**Supplied data**

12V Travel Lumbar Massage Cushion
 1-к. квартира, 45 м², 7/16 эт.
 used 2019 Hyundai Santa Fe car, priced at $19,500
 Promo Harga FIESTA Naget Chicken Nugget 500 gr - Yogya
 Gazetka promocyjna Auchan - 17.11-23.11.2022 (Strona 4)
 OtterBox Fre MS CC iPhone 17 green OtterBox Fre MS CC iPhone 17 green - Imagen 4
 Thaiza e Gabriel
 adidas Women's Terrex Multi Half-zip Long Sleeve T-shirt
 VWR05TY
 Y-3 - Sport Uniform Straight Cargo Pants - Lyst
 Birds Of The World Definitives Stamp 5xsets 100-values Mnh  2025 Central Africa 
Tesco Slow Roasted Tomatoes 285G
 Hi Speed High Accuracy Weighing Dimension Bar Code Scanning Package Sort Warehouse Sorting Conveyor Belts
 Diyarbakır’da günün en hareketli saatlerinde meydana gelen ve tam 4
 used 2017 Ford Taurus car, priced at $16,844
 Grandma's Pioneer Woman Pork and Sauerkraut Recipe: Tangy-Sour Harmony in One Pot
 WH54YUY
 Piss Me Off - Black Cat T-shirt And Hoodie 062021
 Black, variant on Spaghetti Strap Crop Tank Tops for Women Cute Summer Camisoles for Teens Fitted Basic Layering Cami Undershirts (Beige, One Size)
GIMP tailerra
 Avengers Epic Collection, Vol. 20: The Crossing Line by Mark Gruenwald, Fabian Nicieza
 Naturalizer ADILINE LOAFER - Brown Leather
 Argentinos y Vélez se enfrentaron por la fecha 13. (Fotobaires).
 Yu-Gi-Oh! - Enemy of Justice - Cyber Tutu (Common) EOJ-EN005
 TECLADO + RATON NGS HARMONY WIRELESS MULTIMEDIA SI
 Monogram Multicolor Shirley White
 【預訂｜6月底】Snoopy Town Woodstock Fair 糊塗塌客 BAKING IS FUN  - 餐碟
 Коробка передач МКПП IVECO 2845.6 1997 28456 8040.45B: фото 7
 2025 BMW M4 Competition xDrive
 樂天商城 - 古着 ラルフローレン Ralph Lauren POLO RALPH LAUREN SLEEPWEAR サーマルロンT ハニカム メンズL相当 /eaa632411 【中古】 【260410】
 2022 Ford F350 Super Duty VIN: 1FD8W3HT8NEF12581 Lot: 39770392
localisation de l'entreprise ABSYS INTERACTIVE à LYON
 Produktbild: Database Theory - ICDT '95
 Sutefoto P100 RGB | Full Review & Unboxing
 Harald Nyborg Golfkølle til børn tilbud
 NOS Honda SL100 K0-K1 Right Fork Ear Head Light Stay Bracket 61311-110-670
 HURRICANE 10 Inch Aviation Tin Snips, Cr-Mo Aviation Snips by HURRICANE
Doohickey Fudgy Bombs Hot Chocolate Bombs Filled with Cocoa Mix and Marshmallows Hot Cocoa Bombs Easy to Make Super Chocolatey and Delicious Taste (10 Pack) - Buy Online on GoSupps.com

**Problem description**
Show the lines above that include "Super".

**Answer section**
 2022 Ford F350 Super Duty VIN: 1FD8W3HT8NEF12581 Lot: 39770392
Doohickey Fudgy Bombs Hot Chocolate Bombs Filled with Cocoa Mix and Marshmallows Hot Cocoa Bombs Easy to Make Super Chocolatey and Delicious Taste (10 Pack) - Buy Online on GoSupps.com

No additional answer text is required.